27-year-old Australian jockey Kayla Stra is one of the two. Her journey to Santa Anita was a long one and started when she dropped out of school at age 13 to work at a stable with a trainer.
“The animals kind of kept me straight and focused,” Stra said. “When you love something enough, I think it’s enough to save you and keep you going.”
Stra won more than 500 races in Australia before moving to the U.S. in 2007. The move meant racing for more money but also facing stiffer competition.
“I think anywhere you go when you first start, it’s going to be tough to get rides, especially being a female,” Stra said. “I remember when I first started and some people were awful mean to me.”
Gus Headley, a horse trainer and owner who uses Stra as his barn’s main jockey, says she keeps riding at Santa Anita because she wins races.
“I think I have a 25 percent win percentage with her so it doesn’t get much better than that,” Headley said. “These are the best jockeys in America [at Santa Anita].”
Still, there are only two women in the top 100 American-based jockeys by earnings.
“I’d say there’s a big bias.
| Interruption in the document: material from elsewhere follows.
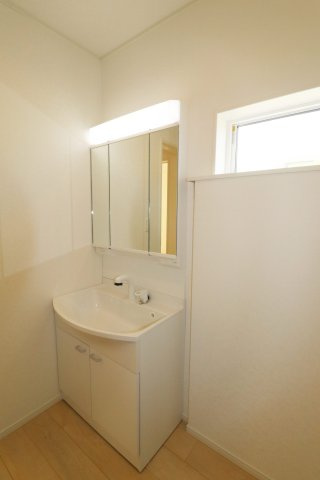 本宮市青田字中森　　　7号棟　　　五百川小学校、本宮第２中学区の洗面所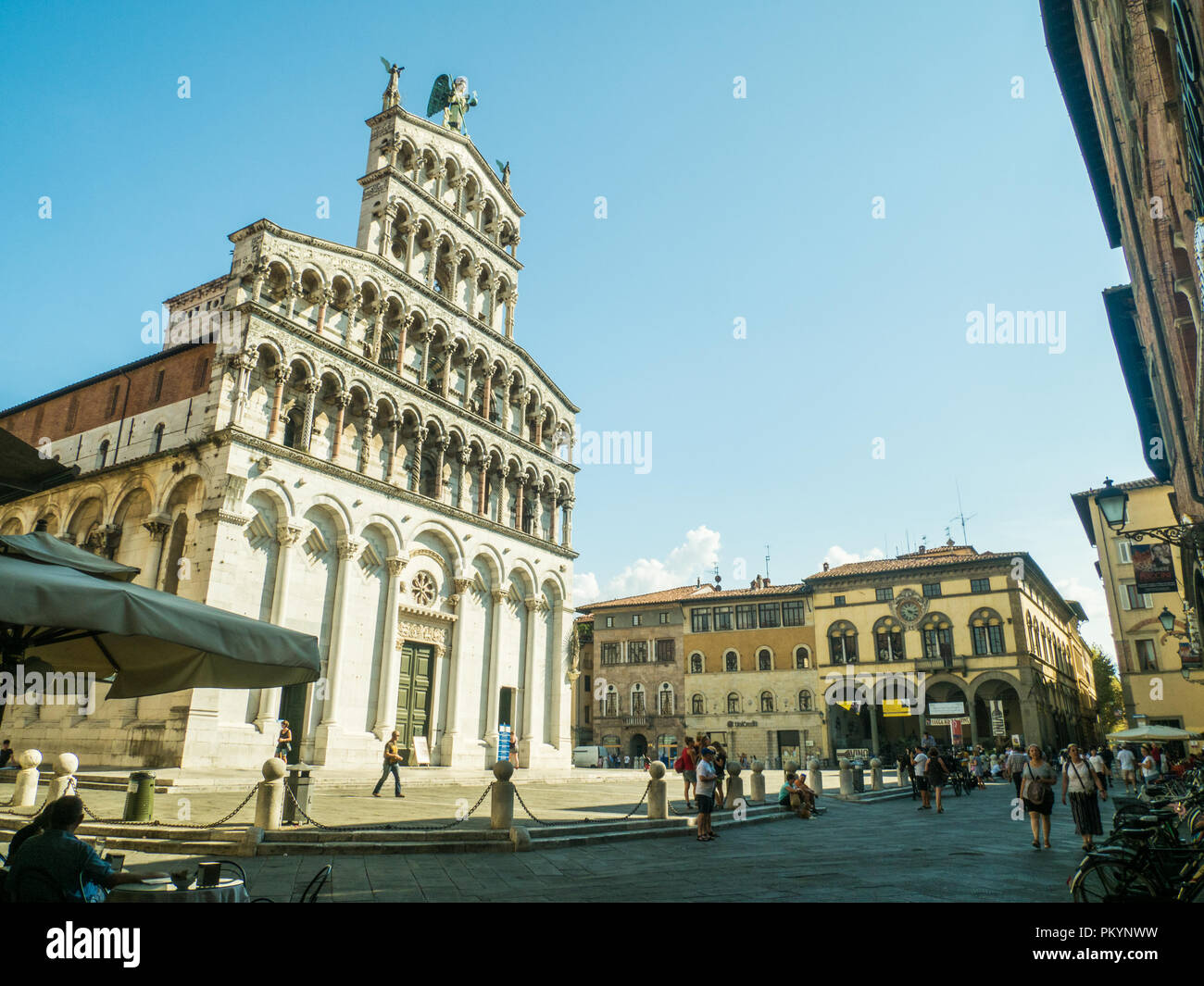 San Michele in Foro Romano basilica Cattolica, Piazza San Michele, nella città murata di Lucca, Toscana, Italia. Foto Stock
There are guys who won’t use girl or women jockeys,” said Danny Kaplan, who employs Stra to ride the horses he owns. “There probably would be a lot of female jockeys if other people would let them ride races. It’s hard to break into a man’s world.”
Stra said, though, that stereotypes and biases don’t hold her back.
“There’s always going to be a bias about riding females but you just kind of ignore it,” Stra said. “I don’t make a big deal out of being a girl. I’d rather just blend in and be like one of the guys.”
She wants to be like one of the guys and beat them too.